Tafsir Surat Al-An'am: 154-155
Kemudian Kami telah memberikan kepada Musa Kitab (Taurat) untuk menyempurnakan (nikmat Kami) kepada orang yang berbuat kebaikan, untuk menjelaskan segala sesuatu, dan sebagai petunjuk dan rahmat, agar mereka beriman akan adanya pertemuan dengan Tuhannya.
Dan ini adalah Kitab (Al-Qur'an) yang Kami turunkan dengan penuh berkah. Maka ikutilah dia dan bertakwalah agar kalian mendapat rahmat.
Ayat 154
Ibnu Jarir mengatakan sehubungan dengan makna firman-Nya:
"Kemudian Kami telah memberikan kepada Musa Kitab (Taurat).” (Al-An'am: 154)
Bentuk lengkapnya ialah, "Kemudian katakanlah, wahai Muhammad sebagai penyampai berita dari Kami, bahwa Kami telah memberikan kitab Taurat kepada Musa." Ditafsirkan demikian karena berdasarkan hal yang ditunjukkan oleh firman-Nya:
“Katakanlah, ‘Marilah kubacakan apa yang diharamkan oleh Tuhan kalian." (Al-An'am: 151)
Menurut kami, pendapat ini masih perlu diteliti, mengingat lafal “tsumma” di sini hanyalah menunjukkan pengertian 'ataf khabar sesudah khabar, bukan untuk menunjukkan makna tartib (urutan).
Perihalnya sama dengan apa yang terdapat di dalam perkataan seorang penyair, yaitu: “Katakanlah kepada orang yang berkuasa, ayahnya yang berkuasa,dan sebelum itu kakeknya juga telah berkuasa pula.”
Dalam ayat berikut ini ketika Allah memberitakan perihal Al-Qur'an melalui firman-Nya: d
“Dan sungguh, inilah jalan-Ku yang lurus. Maka ikutilah!” (Al-An'am: 153)

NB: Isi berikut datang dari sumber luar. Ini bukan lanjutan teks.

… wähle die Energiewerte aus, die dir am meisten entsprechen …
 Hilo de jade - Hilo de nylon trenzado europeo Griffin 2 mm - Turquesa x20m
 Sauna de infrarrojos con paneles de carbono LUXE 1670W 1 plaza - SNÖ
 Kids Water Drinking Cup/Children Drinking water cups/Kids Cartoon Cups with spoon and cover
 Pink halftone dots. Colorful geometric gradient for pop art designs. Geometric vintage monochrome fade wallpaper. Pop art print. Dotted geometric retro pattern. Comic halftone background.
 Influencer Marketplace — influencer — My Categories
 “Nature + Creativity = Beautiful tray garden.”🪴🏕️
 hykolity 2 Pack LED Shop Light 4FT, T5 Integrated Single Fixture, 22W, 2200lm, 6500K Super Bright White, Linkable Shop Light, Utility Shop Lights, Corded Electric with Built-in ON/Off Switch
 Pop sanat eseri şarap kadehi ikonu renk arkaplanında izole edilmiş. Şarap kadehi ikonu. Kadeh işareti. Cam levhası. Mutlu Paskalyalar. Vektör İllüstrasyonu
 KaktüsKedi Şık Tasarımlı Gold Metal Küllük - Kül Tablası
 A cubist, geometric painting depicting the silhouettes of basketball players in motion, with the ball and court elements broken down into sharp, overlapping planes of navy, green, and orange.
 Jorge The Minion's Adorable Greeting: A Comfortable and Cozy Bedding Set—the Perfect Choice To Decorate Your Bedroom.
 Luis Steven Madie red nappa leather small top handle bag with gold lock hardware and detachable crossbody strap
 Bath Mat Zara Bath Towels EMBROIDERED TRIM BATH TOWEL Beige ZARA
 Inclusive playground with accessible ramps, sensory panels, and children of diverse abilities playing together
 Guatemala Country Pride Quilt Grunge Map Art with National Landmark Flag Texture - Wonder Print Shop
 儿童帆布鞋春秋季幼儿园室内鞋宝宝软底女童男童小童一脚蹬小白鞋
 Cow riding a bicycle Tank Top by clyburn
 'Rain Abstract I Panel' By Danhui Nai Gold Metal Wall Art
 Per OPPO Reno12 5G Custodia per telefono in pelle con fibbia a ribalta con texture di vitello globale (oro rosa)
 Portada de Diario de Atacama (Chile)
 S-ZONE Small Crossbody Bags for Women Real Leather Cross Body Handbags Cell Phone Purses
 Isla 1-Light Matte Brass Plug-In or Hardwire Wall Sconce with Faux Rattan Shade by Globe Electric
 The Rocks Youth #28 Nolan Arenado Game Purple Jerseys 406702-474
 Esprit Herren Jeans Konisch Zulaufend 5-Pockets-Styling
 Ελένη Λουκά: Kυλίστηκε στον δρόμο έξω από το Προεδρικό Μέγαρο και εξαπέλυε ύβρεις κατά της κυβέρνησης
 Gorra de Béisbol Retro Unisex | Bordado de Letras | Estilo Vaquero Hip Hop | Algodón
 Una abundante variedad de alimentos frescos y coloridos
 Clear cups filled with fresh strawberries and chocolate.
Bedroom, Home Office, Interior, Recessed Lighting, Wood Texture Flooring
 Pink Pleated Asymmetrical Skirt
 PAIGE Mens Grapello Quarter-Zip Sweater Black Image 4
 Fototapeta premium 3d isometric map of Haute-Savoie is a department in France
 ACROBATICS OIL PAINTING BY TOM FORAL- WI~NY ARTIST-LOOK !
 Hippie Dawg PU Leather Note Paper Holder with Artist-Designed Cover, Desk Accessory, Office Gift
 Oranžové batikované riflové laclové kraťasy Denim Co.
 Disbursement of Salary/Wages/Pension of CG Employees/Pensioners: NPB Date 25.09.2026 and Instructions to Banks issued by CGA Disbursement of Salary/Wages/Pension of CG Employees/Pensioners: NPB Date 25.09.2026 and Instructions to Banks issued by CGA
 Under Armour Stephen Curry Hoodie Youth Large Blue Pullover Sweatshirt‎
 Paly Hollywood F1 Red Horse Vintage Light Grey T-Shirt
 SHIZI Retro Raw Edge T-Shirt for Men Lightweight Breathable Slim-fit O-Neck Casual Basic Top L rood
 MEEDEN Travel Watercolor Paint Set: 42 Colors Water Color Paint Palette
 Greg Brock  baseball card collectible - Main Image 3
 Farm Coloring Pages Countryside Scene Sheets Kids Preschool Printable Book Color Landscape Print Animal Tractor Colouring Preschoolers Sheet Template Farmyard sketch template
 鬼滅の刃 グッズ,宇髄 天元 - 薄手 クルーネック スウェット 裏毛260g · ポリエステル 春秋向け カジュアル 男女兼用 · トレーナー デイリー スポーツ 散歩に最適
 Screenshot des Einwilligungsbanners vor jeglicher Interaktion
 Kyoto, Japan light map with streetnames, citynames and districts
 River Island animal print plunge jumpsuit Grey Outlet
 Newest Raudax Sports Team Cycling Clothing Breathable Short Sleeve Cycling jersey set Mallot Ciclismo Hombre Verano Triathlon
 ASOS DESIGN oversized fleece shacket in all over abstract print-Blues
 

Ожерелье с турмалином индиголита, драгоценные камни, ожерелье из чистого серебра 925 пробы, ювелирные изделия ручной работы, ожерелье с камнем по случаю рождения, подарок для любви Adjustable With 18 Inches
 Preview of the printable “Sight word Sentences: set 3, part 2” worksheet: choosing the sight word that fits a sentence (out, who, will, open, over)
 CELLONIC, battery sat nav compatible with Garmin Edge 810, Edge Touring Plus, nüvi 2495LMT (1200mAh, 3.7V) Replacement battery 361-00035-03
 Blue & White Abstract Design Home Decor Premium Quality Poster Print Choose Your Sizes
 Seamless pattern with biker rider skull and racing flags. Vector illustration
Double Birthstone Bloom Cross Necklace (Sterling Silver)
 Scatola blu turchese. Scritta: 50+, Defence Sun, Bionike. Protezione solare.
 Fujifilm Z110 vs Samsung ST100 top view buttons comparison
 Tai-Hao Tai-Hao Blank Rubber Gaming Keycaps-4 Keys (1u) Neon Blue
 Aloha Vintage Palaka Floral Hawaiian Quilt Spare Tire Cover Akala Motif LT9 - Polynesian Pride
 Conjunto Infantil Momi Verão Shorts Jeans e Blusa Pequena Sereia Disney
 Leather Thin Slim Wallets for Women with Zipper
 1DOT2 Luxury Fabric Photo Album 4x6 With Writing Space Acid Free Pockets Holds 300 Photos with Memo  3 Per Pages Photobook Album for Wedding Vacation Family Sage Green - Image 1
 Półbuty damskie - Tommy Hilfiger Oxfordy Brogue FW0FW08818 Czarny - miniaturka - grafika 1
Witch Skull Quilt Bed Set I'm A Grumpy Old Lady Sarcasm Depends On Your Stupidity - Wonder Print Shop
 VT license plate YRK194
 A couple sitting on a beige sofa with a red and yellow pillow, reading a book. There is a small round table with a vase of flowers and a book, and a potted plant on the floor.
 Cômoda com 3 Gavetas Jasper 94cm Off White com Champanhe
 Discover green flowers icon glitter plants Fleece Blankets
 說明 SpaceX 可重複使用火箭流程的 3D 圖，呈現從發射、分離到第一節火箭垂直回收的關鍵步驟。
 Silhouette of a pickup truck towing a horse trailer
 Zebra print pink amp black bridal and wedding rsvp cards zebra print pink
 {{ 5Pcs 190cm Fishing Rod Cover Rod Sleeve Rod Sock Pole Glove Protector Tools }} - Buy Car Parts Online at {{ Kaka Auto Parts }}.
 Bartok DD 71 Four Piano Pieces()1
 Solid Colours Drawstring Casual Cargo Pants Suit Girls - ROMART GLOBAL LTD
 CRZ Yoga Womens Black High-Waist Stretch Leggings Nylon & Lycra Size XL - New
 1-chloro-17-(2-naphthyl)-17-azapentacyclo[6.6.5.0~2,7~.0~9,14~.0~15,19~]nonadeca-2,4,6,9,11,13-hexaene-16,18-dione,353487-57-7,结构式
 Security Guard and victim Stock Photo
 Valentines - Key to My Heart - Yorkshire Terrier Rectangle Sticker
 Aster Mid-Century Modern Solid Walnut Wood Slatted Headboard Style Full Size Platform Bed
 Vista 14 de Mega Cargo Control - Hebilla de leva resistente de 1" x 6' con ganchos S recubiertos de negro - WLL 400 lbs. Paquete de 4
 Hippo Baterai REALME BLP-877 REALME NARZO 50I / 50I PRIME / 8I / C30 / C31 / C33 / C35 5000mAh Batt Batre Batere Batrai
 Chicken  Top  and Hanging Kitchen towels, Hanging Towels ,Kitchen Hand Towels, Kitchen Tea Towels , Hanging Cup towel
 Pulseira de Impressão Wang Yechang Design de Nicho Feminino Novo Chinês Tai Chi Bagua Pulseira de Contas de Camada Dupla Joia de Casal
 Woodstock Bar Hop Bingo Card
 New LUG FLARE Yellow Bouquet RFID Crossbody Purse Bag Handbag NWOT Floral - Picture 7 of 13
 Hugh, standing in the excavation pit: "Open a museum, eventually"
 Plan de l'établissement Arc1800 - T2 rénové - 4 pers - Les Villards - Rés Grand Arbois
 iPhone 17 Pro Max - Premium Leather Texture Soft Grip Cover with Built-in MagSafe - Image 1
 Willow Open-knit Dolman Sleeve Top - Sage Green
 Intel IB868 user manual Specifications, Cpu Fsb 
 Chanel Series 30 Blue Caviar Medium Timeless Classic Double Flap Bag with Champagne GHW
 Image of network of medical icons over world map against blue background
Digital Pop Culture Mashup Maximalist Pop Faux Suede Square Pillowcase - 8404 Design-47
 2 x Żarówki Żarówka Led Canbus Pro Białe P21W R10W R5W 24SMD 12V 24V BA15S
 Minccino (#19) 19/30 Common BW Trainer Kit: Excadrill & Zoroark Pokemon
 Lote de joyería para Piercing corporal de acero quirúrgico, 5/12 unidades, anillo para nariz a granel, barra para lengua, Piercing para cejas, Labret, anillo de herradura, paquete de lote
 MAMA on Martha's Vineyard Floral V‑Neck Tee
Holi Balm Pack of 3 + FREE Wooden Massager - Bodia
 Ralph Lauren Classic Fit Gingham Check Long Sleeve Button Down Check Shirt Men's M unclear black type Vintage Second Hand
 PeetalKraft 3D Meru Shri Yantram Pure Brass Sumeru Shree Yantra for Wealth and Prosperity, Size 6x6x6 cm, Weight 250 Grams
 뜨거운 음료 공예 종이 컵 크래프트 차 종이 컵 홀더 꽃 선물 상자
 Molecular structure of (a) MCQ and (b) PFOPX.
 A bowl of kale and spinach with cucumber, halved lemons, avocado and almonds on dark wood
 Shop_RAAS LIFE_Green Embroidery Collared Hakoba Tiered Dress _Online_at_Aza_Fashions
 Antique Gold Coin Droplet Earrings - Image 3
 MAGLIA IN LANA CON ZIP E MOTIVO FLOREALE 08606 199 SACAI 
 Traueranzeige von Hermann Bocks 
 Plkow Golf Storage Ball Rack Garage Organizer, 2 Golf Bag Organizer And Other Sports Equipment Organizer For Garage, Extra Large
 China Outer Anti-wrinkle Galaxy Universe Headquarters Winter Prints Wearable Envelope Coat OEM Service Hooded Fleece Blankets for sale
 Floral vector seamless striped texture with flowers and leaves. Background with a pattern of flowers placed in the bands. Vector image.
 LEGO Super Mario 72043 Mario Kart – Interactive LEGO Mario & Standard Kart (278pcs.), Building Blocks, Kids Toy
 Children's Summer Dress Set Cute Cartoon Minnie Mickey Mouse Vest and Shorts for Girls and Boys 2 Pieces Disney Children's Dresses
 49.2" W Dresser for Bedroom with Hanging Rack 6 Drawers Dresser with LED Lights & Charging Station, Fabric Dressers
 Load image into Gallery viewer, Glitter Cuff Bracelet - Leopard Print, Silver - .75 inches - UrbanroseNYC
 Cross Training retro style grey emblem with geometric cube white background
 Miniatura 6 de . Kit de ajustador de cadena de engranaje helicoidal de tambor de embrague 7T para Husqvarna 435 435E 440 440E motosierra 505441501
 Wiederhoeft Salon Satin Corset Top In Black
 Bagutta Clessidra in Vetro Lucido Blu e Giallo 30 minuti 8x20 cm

Maka Allah meng-'athaf-kannya dengan sanjungan yang ditujukan kepada kitab Taurat dan rasul yang membawanya melalui firman-Nya:
“Kemudian Kami memberikan kepada Musa kitab (Taurat).” (Al-An'am: 154)
Banyak sekali penyebutan Al-Qur'an diiringi dengan sebutan Taurat, seperti yang terdapat di dalam firman-Nya:
“Dan sebelum Al-Qur'an itu telah ada kitab Musa sebagai petunjuk dan rahmat. Dan ini (Al-Qur'an) adalah kitab yang membenarkannya dalam bahasa Arab.” (Al-Ahqaf: 12)
Juga dalam firman Allah ﷻ sebelum ayat ini, yaitu firman-Nya: ” “Katakanlah, ‘Siapakah yang menurunkan kitab suci (Taurat) yang dibawa oleh Musa sebagai cahaya dan petunjuk bagi manusia, kalian jadikan kitab itu lembaran-lembaran kertas yang bercerai-berai, kalian perlihatkan (sebagiannya) dan banyak kalian sembunyikan (sebagian besarnya)’.” (Al-An'am: 91), hingga akhir ayat.
Lalu sesudahnya, yaitu firman-Nya:
“Dan ini (Al-Qur'an) adalah kitab suci yang telah Kami turunkan dengan penuh berkah.” (Al-An'am: 92), hingga akhir ayat
Dan Allah ﷻ berfirman menceritakan perihal orang-orang musyrik: “Maka tatkala datang kepada mereka kebenaran dari sisi Kami, mereka berkata. Mengapakah tidak diberikan kepadanya (Muhammad) seperti yang telah diberikan kepada Musa dahulu?” (Al-Qashash: 48)
Kemudian dalam Firman selanjutnya disebutkan:
“Dan bukankah mereka itu telah ingkar (juga) kepada apa yang diberikan kepada Musa dahulu? Mereka dahulu telah berkat. ‘Musa dan Harun adalah dua ahli sihir yang bantu-membantu’. Dan mereka (juga) berkata, ‘Sesungguhnya kami sama sekali tidak mempercayai masing-masing mereka itu’.” (Al-Qashash: 48)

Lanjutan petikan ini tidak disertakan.